┌──

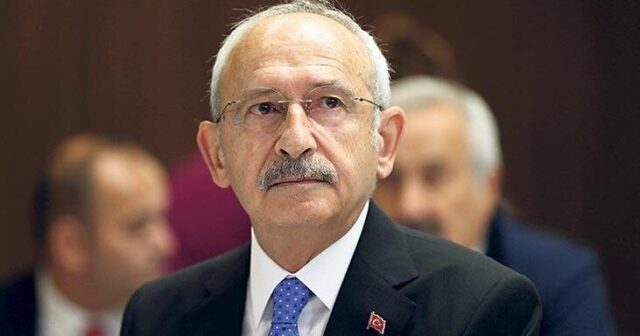 Kılıçdaroğlundan MÜRACİƏT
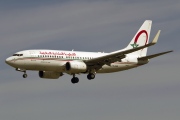 CN-RNM, Boeing 737-700, Royal Air Maroc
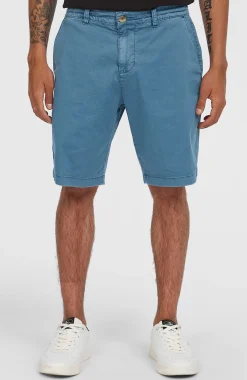 Homme O'Neill Shorts|Protection Anti-Uv-HommesShort chino Essentials| Bleu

└──

*WORK INSTRUCTION*. Retype the full listing exactly; pictures stay out.

*WRITTEN ANSWER*.
 Kılıçdaroğlundan MÜRACİƏT
 CN-RNM, Boeing 737-700, Royal Air Maroc
 Homme O'Neill Shorts|Protection Anti-Uv-HommesShort chino Essentials| Bleu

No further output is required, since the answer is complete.